* **BRIEF**: Only the text belongs in the copy. Transcribe the data exactly and drop any pictures.

··· DATA FOR THIS TASK

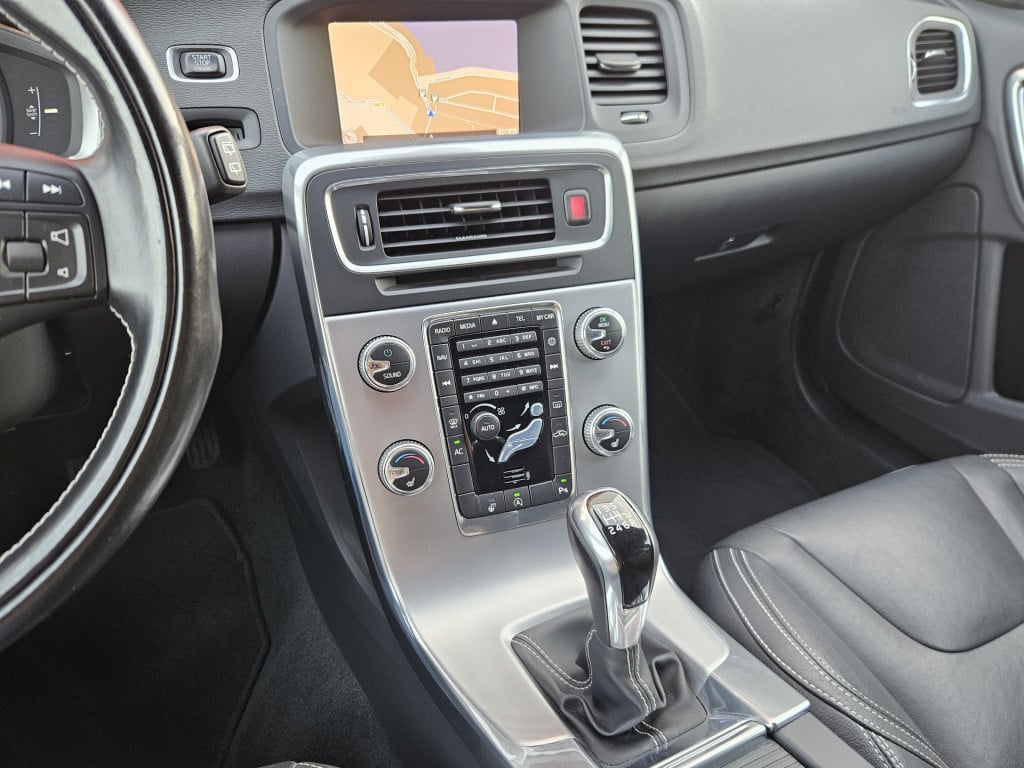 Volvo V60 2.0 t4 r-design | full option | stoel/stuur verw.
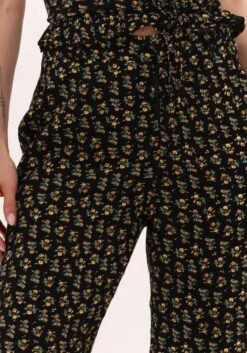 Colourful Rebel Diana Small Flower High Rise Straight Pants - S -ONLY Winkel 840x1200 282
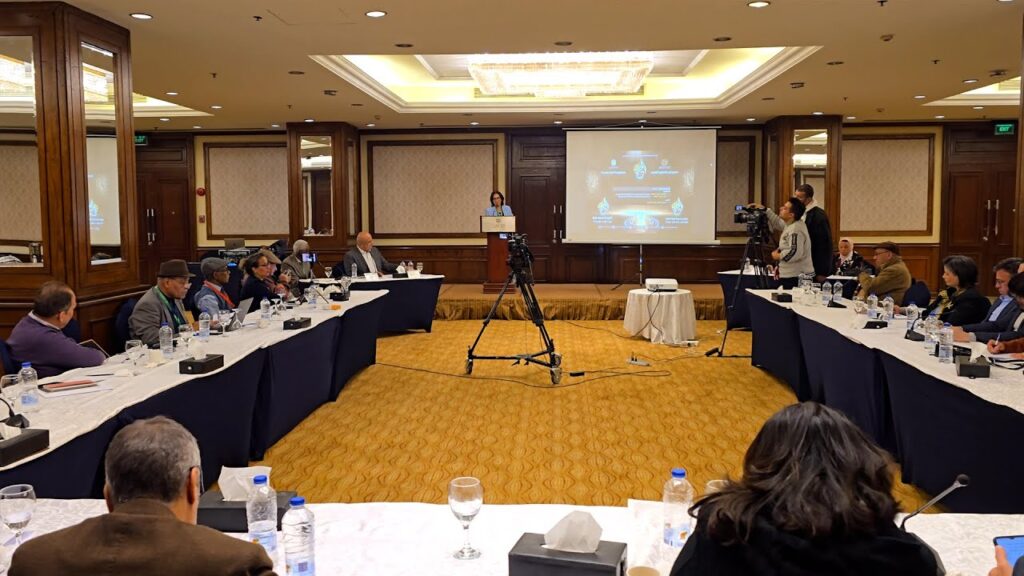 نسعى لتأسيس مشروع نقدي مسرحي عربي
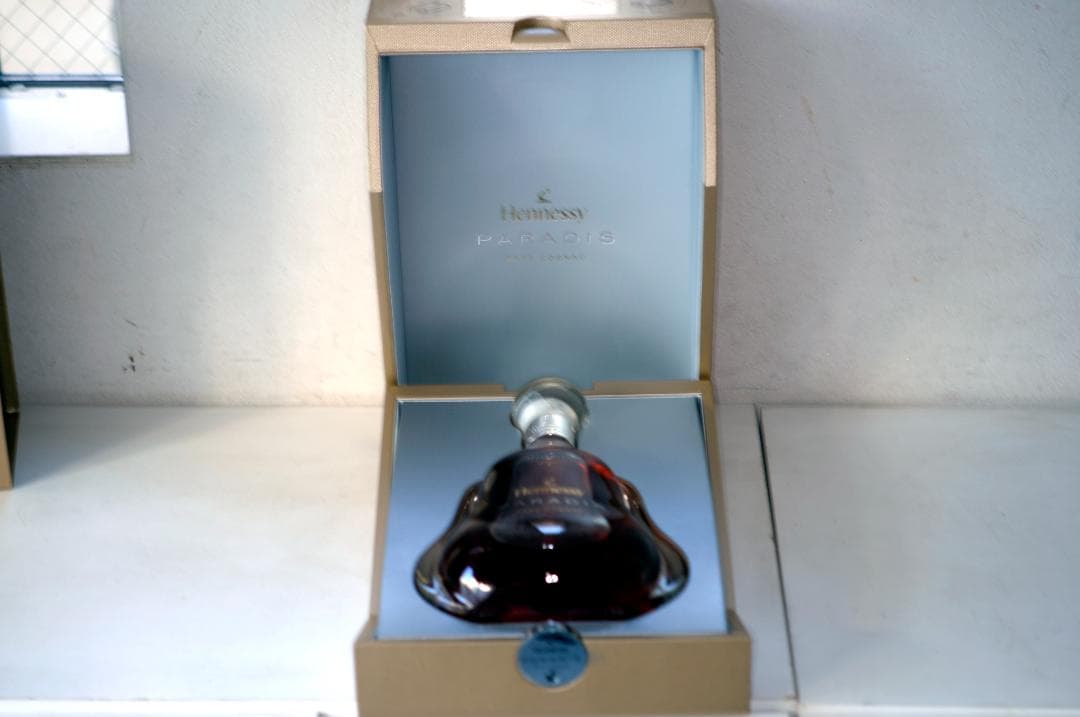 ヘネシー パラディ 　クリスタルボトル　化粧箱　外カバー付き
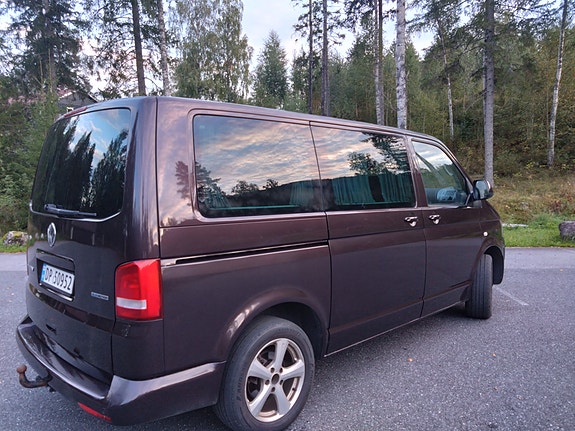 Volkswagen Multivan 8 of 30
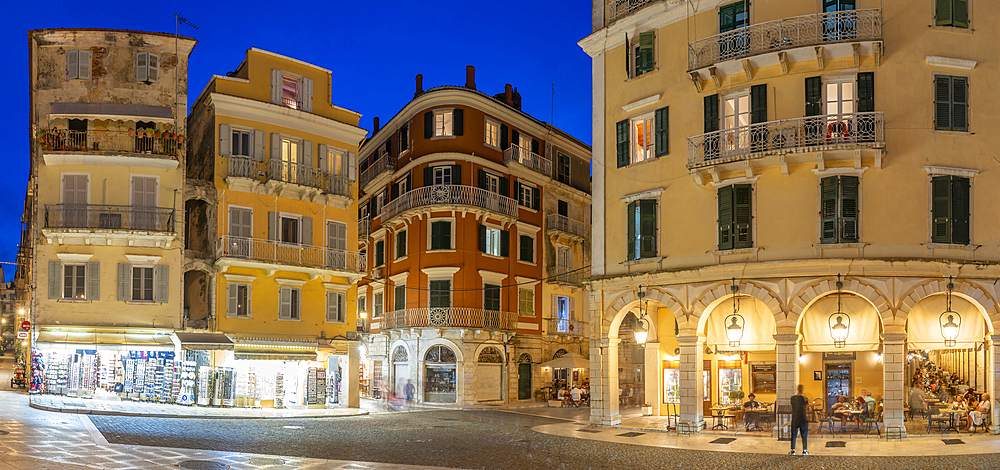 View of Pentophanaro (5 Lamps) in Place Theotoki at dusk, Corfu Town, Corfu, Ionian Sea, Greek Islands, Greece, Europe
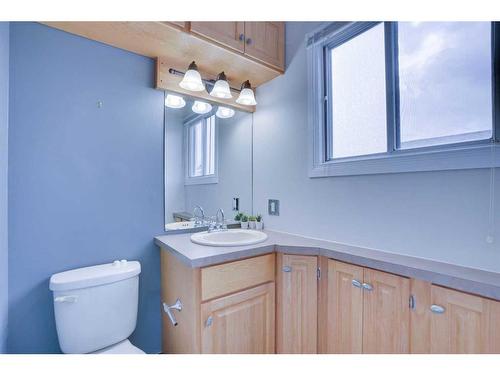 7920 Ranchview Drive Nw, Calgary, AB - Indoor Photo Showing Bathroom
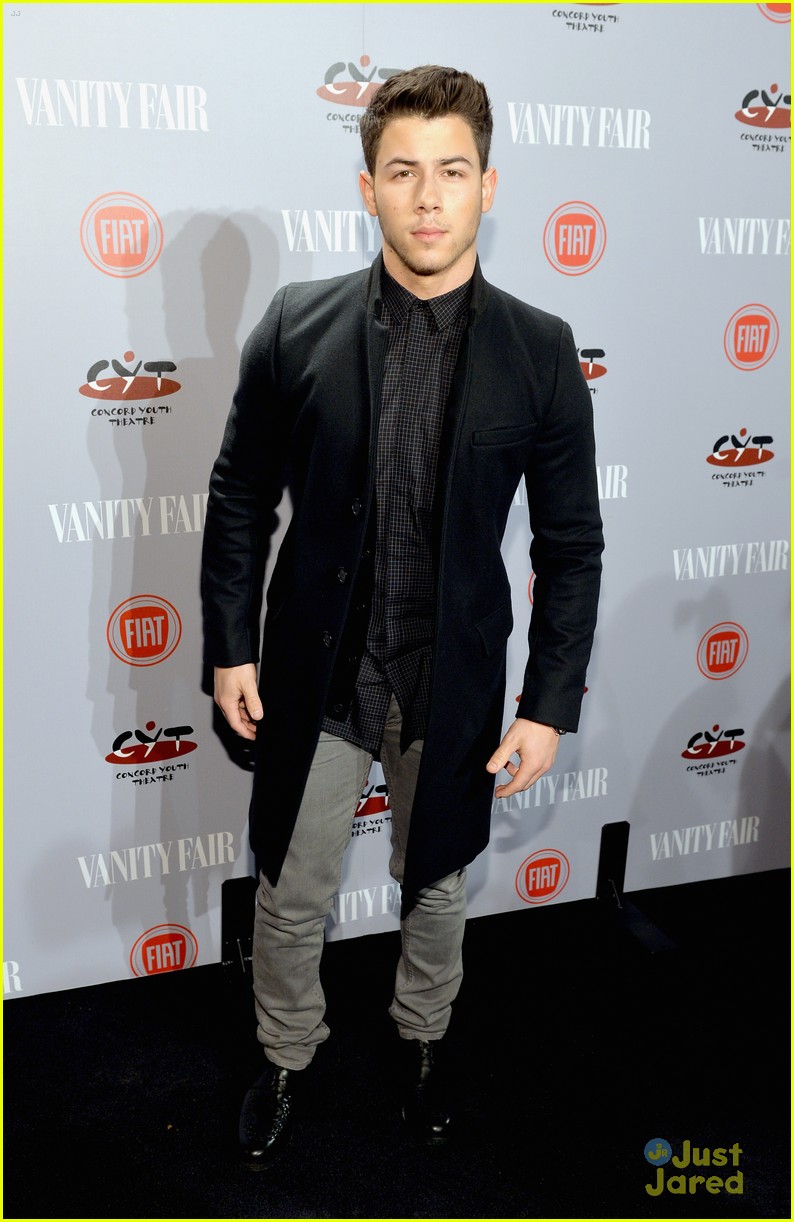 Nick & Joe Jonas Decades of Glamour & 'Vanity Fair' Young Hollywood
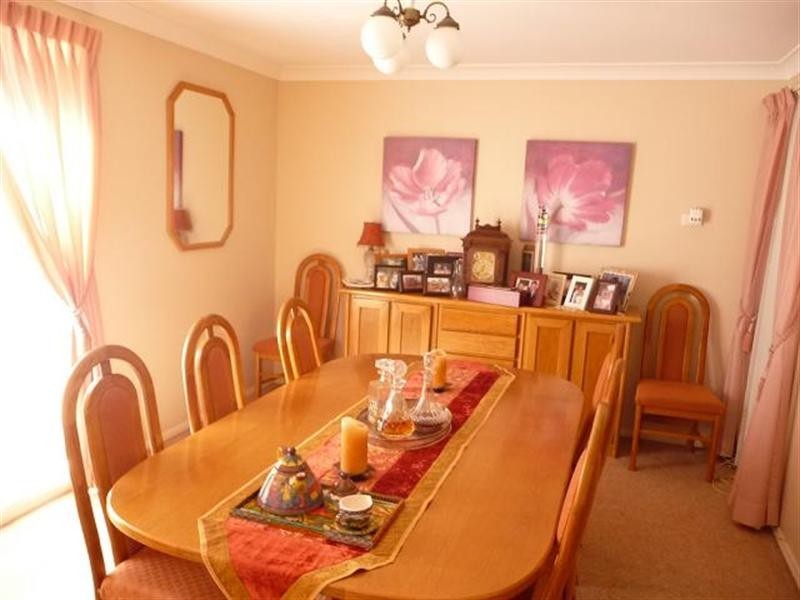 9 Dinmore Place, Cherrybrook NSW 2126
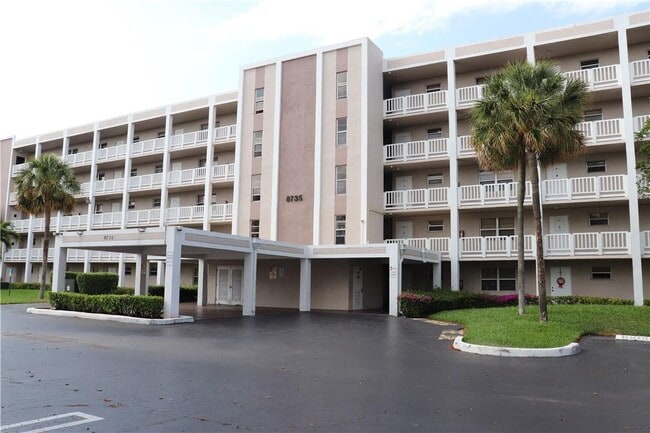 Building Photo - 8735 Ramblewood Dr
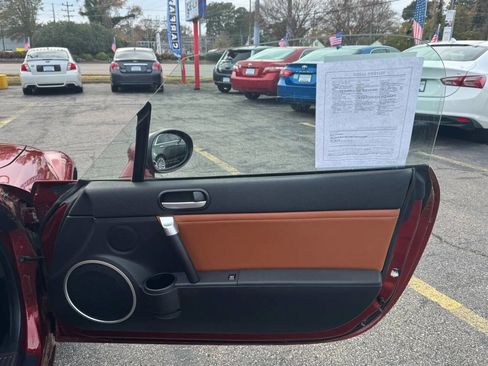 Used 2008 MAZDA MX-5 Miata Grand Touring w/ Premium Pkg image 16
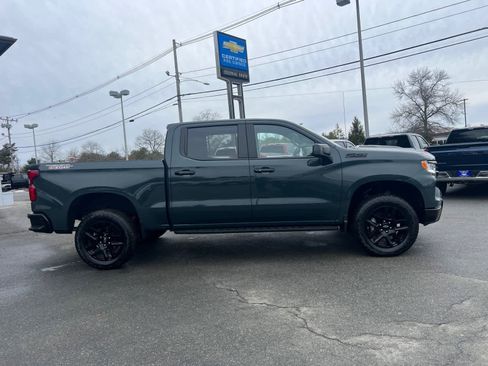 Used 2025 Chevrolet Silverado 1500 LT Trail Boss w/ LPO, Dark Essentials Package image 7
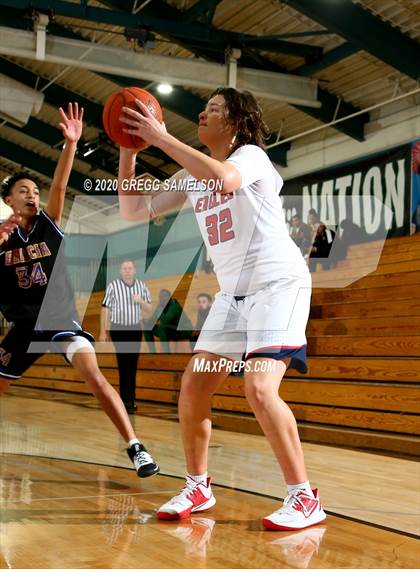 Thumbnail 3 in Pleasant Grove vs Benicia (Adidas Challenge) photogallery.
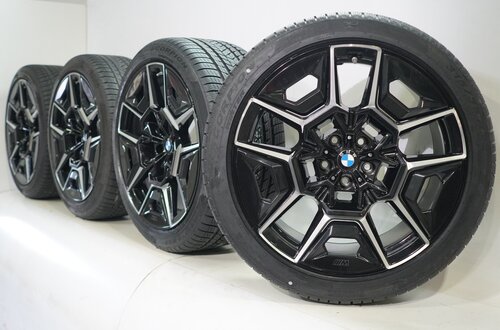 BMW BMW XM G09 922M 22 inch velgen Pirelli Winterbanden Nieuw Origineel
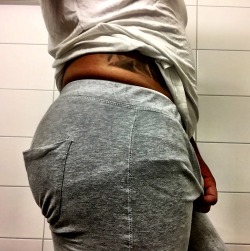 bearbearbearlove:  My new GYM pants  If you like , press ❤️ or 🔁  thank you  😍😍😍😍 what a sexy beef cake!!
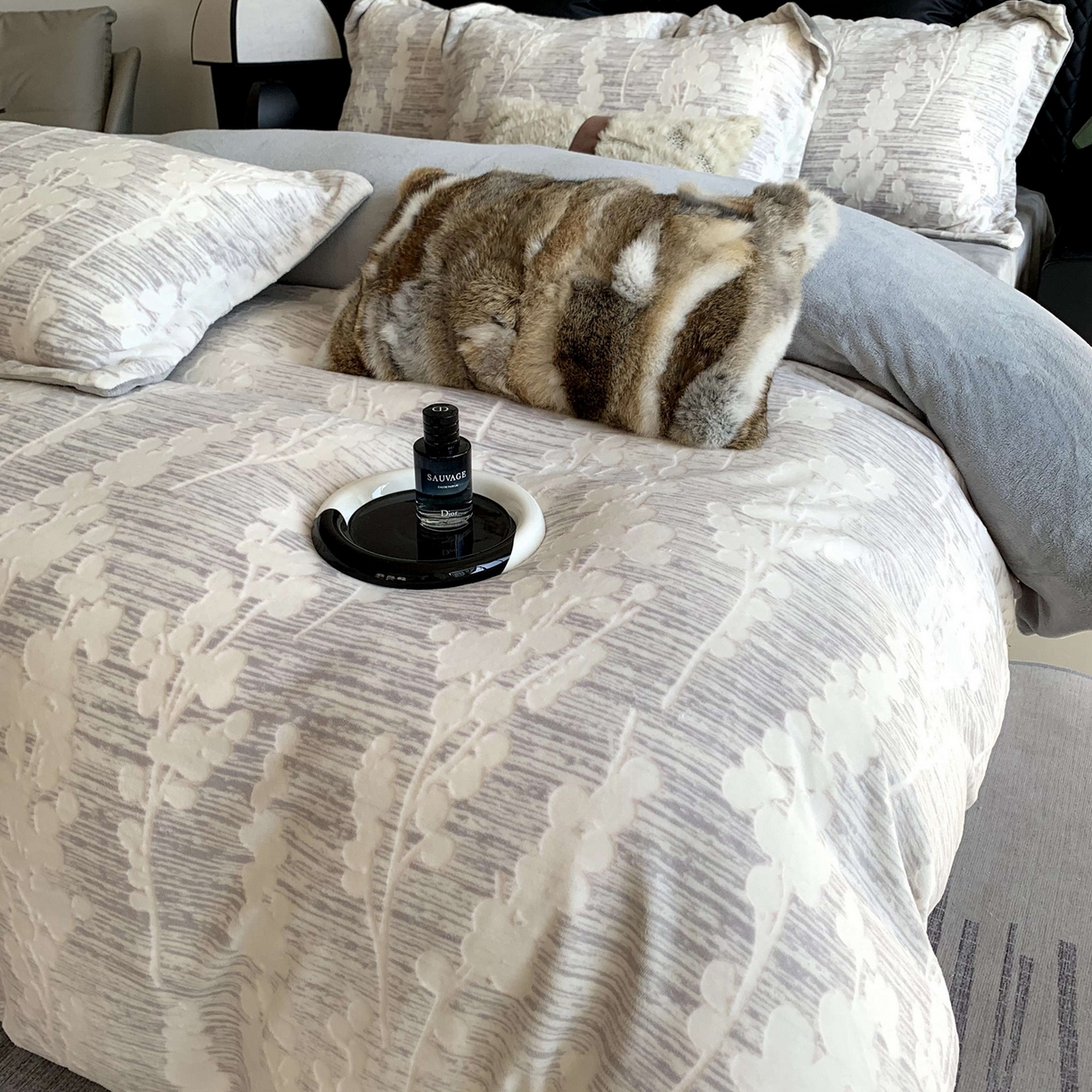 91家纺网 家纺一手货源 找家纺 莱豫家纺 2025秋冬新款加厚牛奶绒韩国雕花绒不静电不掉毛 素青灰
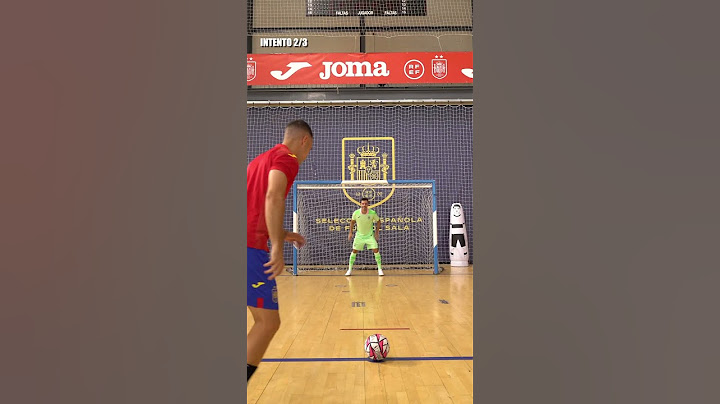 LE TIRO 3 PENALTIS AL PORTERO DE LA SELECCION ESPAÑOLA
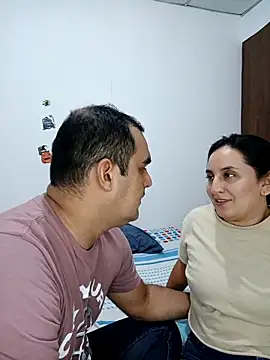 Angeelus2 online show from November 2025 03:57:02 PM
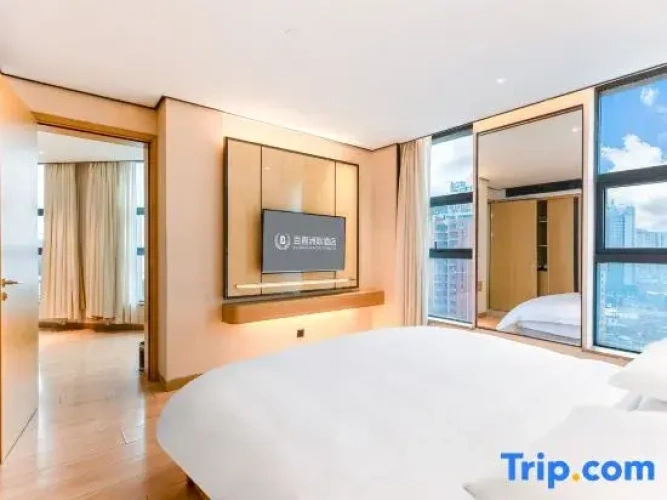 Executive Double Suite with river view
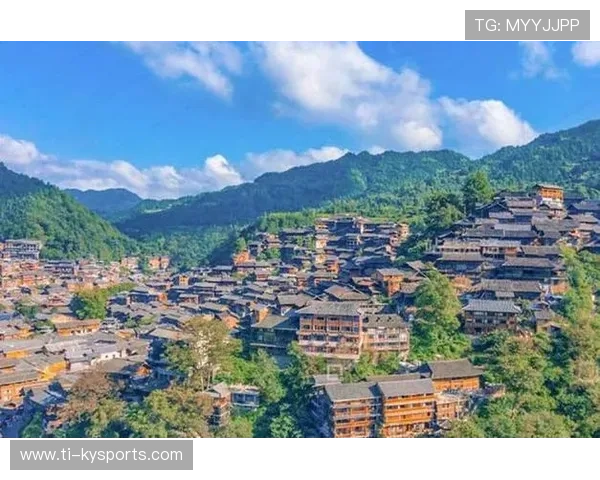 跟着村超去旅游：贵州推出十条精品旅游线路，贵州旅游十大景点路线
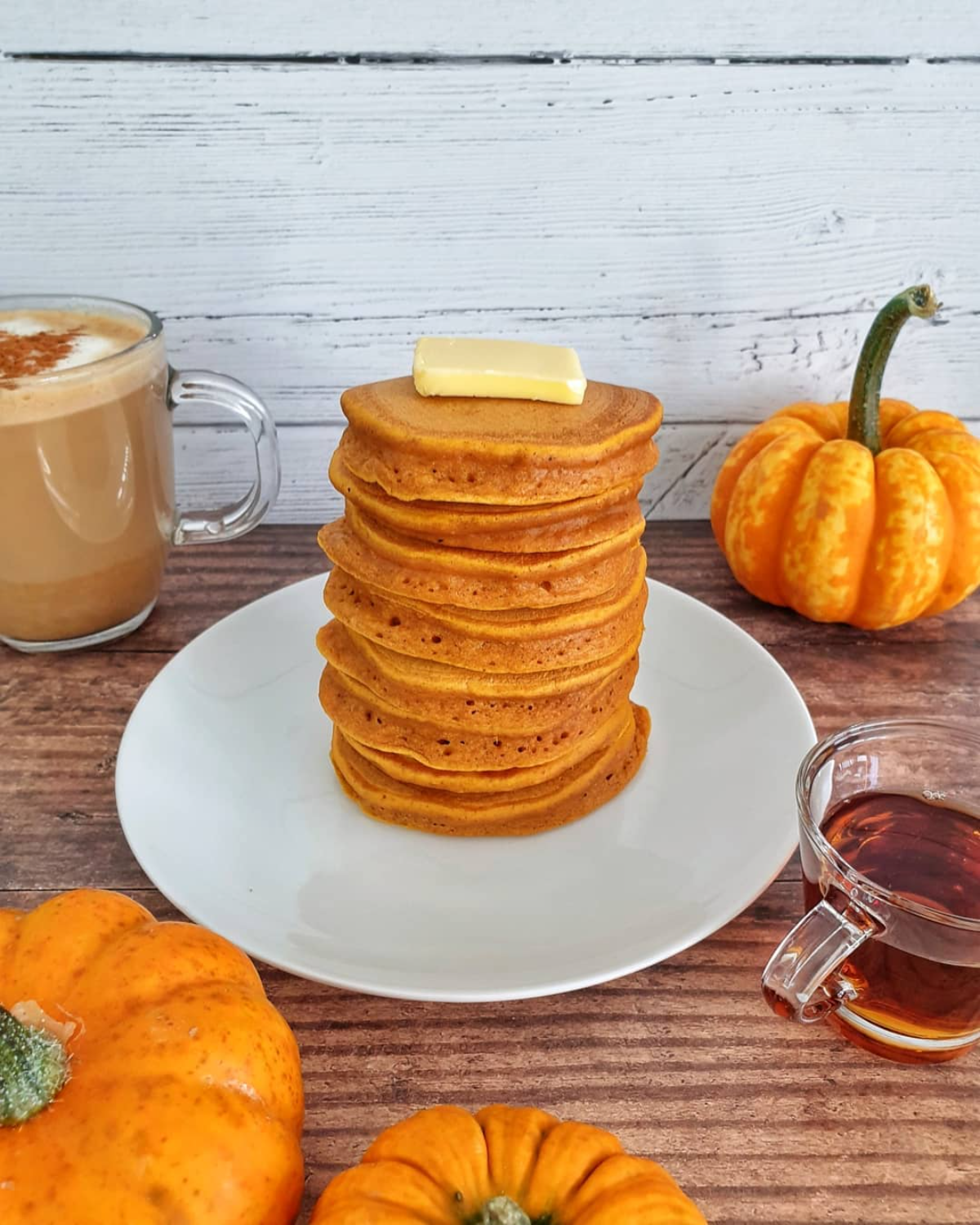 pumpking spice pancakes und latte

······

* **COMPLETED TASK**:
 Volvo V60 2.0 t4 r-design | full option | stoel/stuur verw.
 Colourful Rebel Diana Small Flower High Rise Straight Pants - S -ONLY Winkel 840x1200 282
 نسعى لتأسيس مشروع نقدي مسرحي عربي
 ヘネシー パラディ 　クリスタルボトル　化粧箱　外カバー付き
 Volkswagen Multivan 8 of 30
 View of Pentophanaro (5 Lamps) in Place Theotoki at dusk, Corfu Town, Corfu, Ionian Sea, Greek Islands, Greece, Europe
 7920 Ranchview Drive Nw, Calgary, AB - Indoor Photo Showing Bathroom
 Nick & Joe Jonas Decades of Glamour & 'Vanity Fair' Young Hollywood
 9 Dinmore Place, Cherrybrook NSW 2126
 Building Photo - 8735 Ramblewood Dr
 Used 2008 MAZDA MX-5 Miata Grand Touring w/ Premium Pkg image 16
 Used 2025 Chevrolet Silverado 1500 LT Trail Boss w/ LPO, Dark Essentials Package image 7
 Thumbnail 3 in Pleasant Grove vs Benicia (Adidas Challenge) photogallery.
 BMW BMW XM G09 922M 22 inch velgen Pirelli Winterbanden Nieuw Origineel
 bearbearbearlove:  My new GYM pants  If you like , press ❤️ or 🔁  thank you  😍😍😍😍 what a sexy beef cake!!
 91家纺网 家纺一手货源 找家纺 莱豫家纺 2025秋冬新款加厚牛奶绒韩国雕花绒不静电不掉毛 素青灰
 LE TIRO 3 PENALTIS AL PORTERO DE LA SELECCION ESPAÑOLA
 Angeelus2 online show from November 2025 03:57:02 PM
 Executive Double Suite with river view
 跟着村超去旅游：贵州推出十条精品旅游线路，贵州旅游十大景点路线
 pumpking spice pancakes und latte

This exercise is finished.